Combine those recent rulings with the government's clear victories lately in the John Walker Lindh case (all of Lindh's dismissal motions were rejected by a federal judge) and in the Richard Reid case (Reid's efforts to suppress incriminating statements were rejected by another federal judge) and you begin to see a pattern.
Right now, judges are giving the administration the benefit of the doubt. They are affording great deference to the President's war powers under the Constitution and also to the representations made by law enforcement officials and members of the intelligence community who keep testifying, in court and on paper, that draconian measures are necessary in order to prevent future terror attacks.
At the same time, these judges are giving fairly short shrift to the arguments made by civil libertarians.
That is not to say that the judges who have faced terror-law issues recently aren't evaluating the impact the administration's aggressive law enforcement measures are having on constitutional rights and individual liberties. It's just that, right now, the balancing test that judges often apply in these situations are skewing heavily toward the government. That's why the Supreme Court Friday put on hold a lower court ruling that would have opened now-secret immigration and detention hearings to the public.
Sure, the public in normal circumstances would have some right of access to such hearings. But, as the justices are likely to say this fall when they hear and decide the case, these aren't normal times.
The next month or so will tell us much more about how the courts are reacting to the Administration's offensive on the legal front in the war on terror.
In July, U.S. District Judge T.S. Ellis III will have to decide whether Lindh's statements made to military and civilian officials in Afghanistan can be used against him at his trial later this year.

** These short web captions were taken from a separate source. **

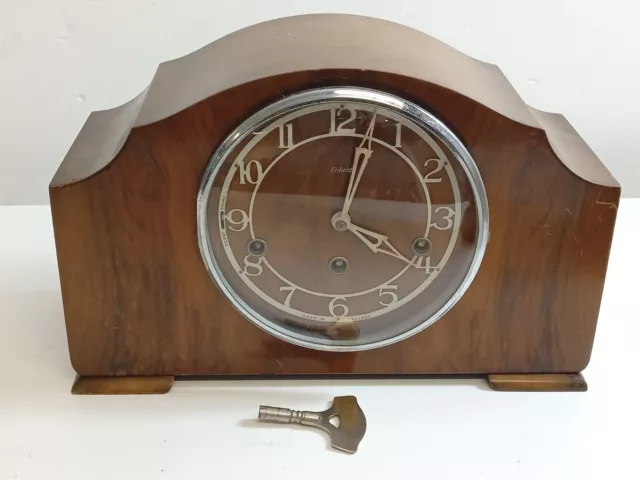 Vintage Mid Century Enfield Westiminster Chiming Mantel Clock With Key Spares L1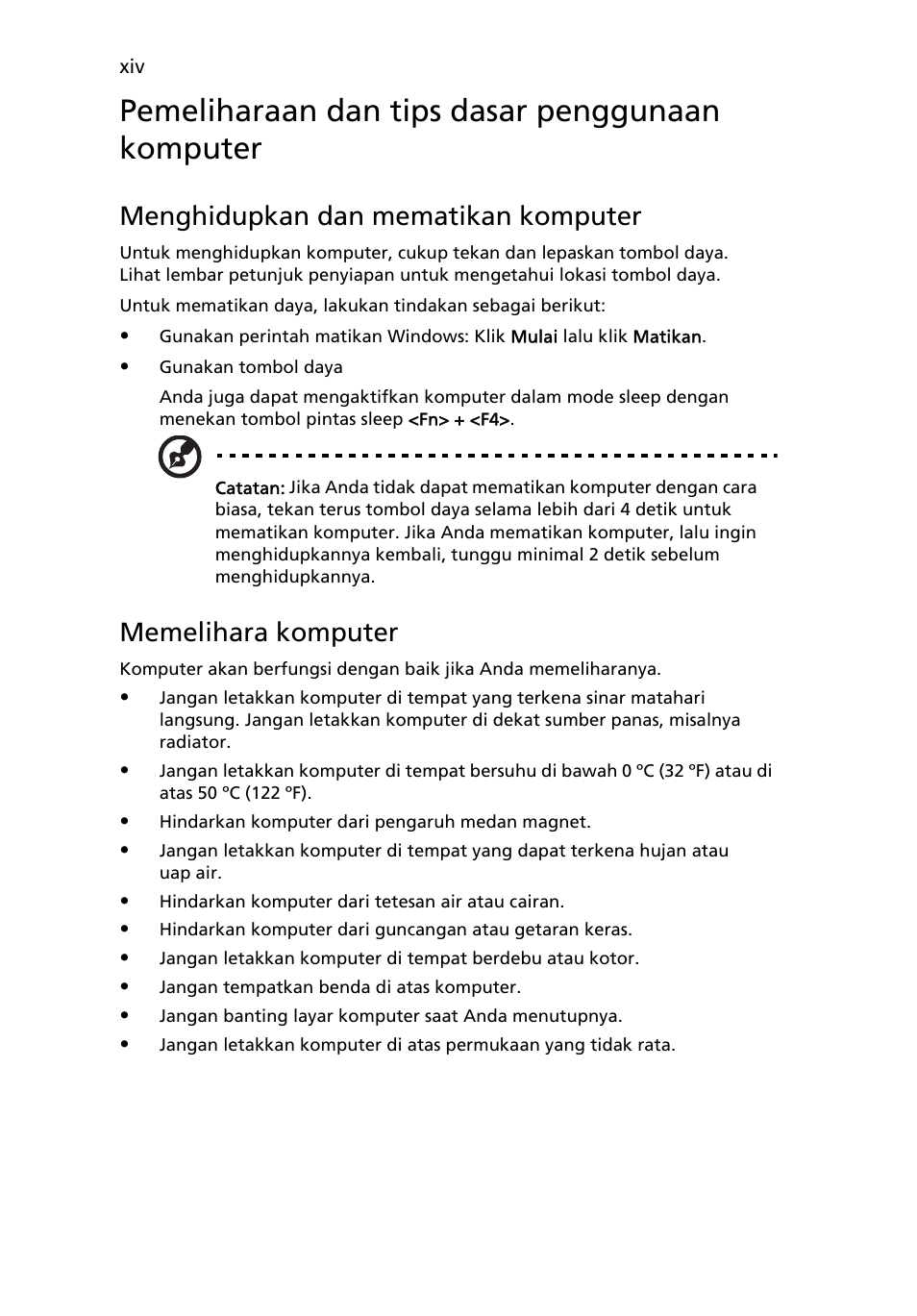 Pemeliharaan dan tips dasar penggunaan komputer, Menghidupkan dan mematikan komputer, Memelihara komputer | Acer TravelMate 4750 User Manual | Page 2148 / 2286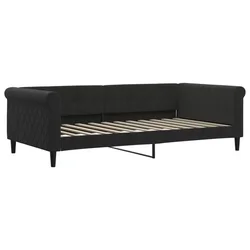 Vidaxl Raztegljiva postelja črna 100x200 cm žamet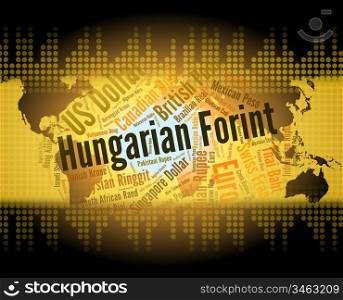 Hungarian Forint Indicating Forex Trading And Huf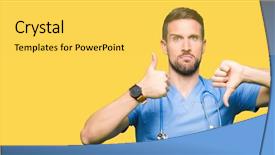  Presentation with facial pain medical man - Beautiful slide set featuring thumbs up and down disagreement backdrop and a yellow colored foreground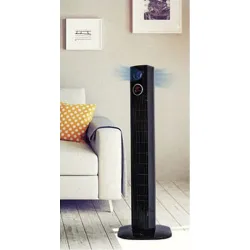Compra VENTILADOR TORRE NEGRO TEMPO 12H CON MANDO 45 W H96 CM IMPORT SNV-T1701 al mejor precio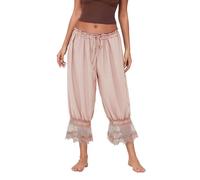 ThiCc Damen Lange Bloomer-Hose - Spitzenbesatz Viktorianische Pantalons Y2K Elastischer Bund Dienstmädchen-Rüschen Kürbis-Hose Bequeme Lounge Mittlere Bundhöhe Capri für Zuhause Tägliche Entspannung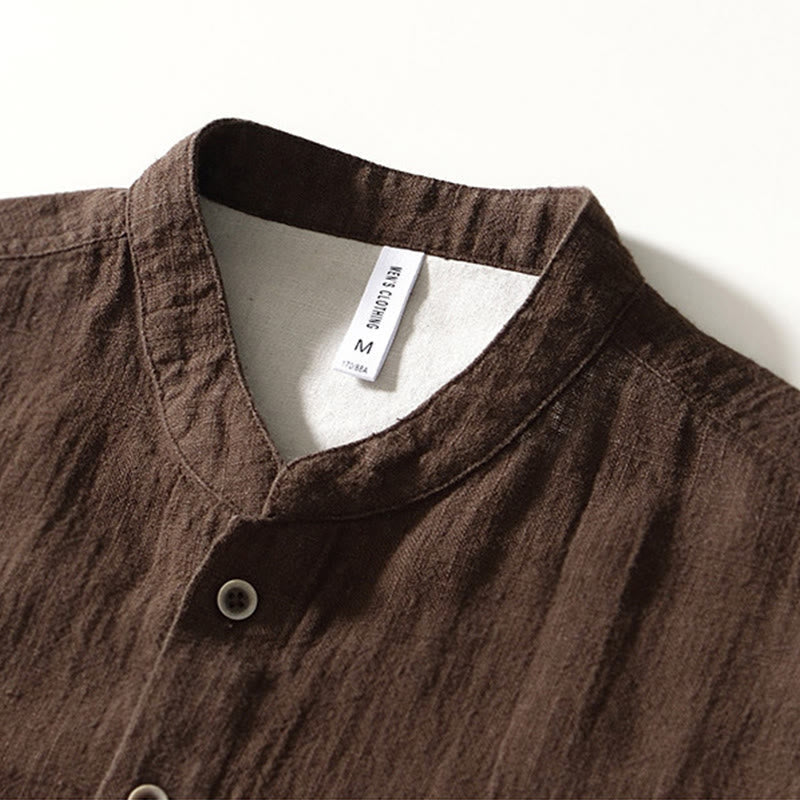 Nimara Ritual Fall Solid Long Sleeve Buttons Men's Ramie Cotton Shirt With Pockets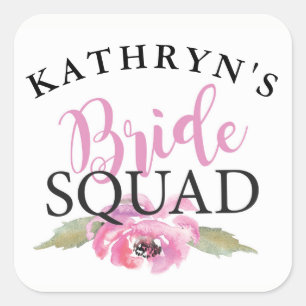 Stickers Fête des mariées Bride Squad Rose floral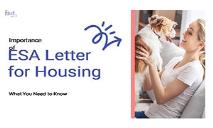 Get to Know About Importance of ESA Letter for Housing PowerPoint Presentation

The Hamdi case, whether the alleged "enemy combatant" even may be allowed to see a lawyer, also may come to a head. And U.S. District Judge Leonie Brinkema, who shares a courthouse with Judge Ellis in Alexandria, Virginia, will be required to make a few key decisions in the govermment's terror conspiracy trial of Zacarias Moussaoui. If these events and issues also turn the government's way, and it wouldn't surprise me, we can all update our scorecards from "pattern" to "trend."
Meanwhile, in case you were disappointed that there was only one zany episode in the Moussaoui case this week, fear not. There was at least one other.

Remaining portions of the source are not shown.